Mr Rackwitz said the parameters for Nuremberg were influenced in part by the Leipzig war crimes trial after the First World War, or rather for what was omitted from that trial.
The Holocaust was not the first time a race was targeted by a government - between 1914 and 1923 more than a million Armenians had been killed by the Turks.
Mr Rackwitz said: "People realised that the focus of the Leipzig trial was way too narrow.
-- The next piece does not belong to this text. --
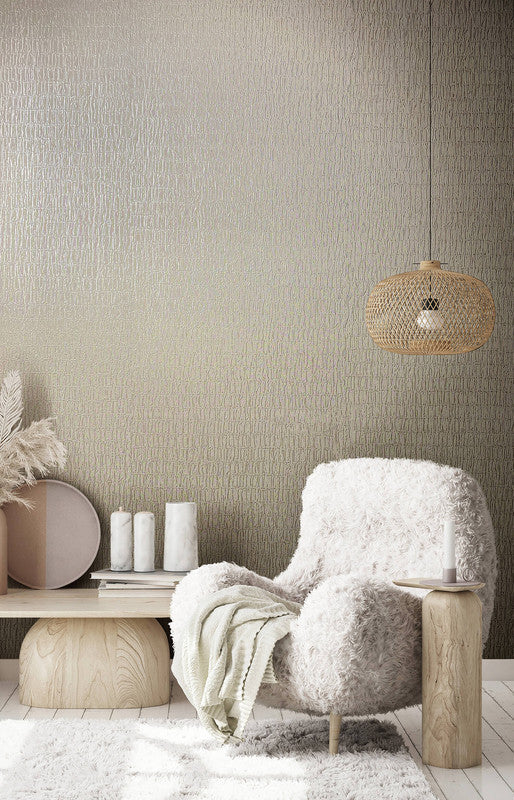 Ruche Silk Wallpaper in Beige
What the Leipzig trial covered was only breaches of The Hague Convention, it was only about war crimes in the narrow sense, nothing about aggression or mass atrocities or complicity, it was only targeting actual military leaders right down to platoon commanders that had committed crimes, like having prisoners of war starved or attacking hospitals."
By the time the Nuremberg trial began in November 1945 Hitler, Goebbels and Himmler were dead but Goering was joined in the dock by Adolf Hitler's deputy Rudolf Hess, the Nazis' foreign minister Joachim von Ribbentrop and the Nazi governors of occupied territories in Eastern Europe.
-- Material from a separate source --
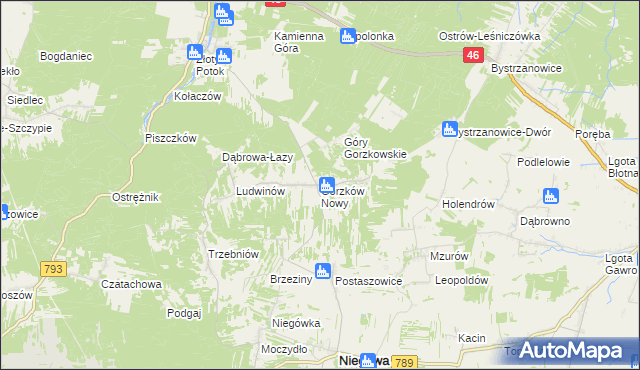 mapa Gorzków Nowy, Gorzków Nowy na mapie Targeo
Another top Nazi Martin Bormann was not on the accused bench but was tried "in absentia." His remains were found in Berlin in 1972, although he was believed to have died at the end of the war.
The Eight Nuremberg Judges
Nuremberg was a military tribunal whose eight judges represented the allied powers - two each from the United States, Britain, the Soviet Union and France.
Britain was represented by Norman Birkett, a high profile London criminal lawyer and former Liberal MP, and Geoffrey Lawrence, a veteran of the First World War, who was the presiding judge.
On 1 October 1946, 12 of the defendants were sentenced to death, seven to long prison sentences and three were acquitted.
Mr Rackwitz said it was a shame the Nuremberg Principles were not adopted by the international community in the early 1950s when the Cold War put on ice co-operation between the US, UK and France on one side and the Soviet Union on the other.
“I do believe that the deterrent effect of these principles would have been greater and would have been more meaningful if they had been codified into a convention,” he said.
Could Nuremberg Principles Have Prevented Biafra or Yugoslavia?
"Whether it would have prevented wars from taking place is speculation…I do believe if after the Korean War, and the Vietnam War, and the Biafra war when mass starvation was used as a weapon of war for the first time, I do believe it would had a deterrent effect," Mr Rackwitz said.
"I'm pretty sure (Slobodan) Milosevic wouldn't have started the Yugoslav war if he would have been knowing already at the very beginning that you will end up with a lifetime in prison," he claimed.
Mr Rackwitz said one of the Principles - that if someone is a head of state or senior government official “it does not relieve him from responsibility under international law” - was still being challenged today.
In 2002 the International Court of Justice ruled that a Belgian arrest warrant for Abdoulaye Yerodia Ndombasi, a minister in the Democratic Republic of Congo accused of inciting genocide against ethnic Tutsis in the east of the country, was not valid because he was immune from prosecution.
Impunity Still Being Sought For Heads Of State
Mr Rackwitz said neither South Africa or Jordan had detained the former Sudanese leader Omar al-Bashir - who was accused of war crimes in Darfur - despite an international arrest warrant and he said Kenya has tried to get temporary impunity from prosecution for heads of state.
He said some of the five permanent members of the UN Security Council had blocked international war crimes prosecutions in recent years.
"The trouble is that the Nuremberg Principles have been decreasing in their value. They are now just one element of international law and not the over-arching element," said Mr Rackwitz.
He said many world leaders still believed there was such a thing as a "just war" and added: "As long as we have that as a dogma - 'because my party is doing the right thing and they are legitimately defending themselves against rebels then it’s a just war and I don't want to put him on trial' - I'm sorry but even if it’s the most just war in the world if there are war crimes committed someone needs to stop that."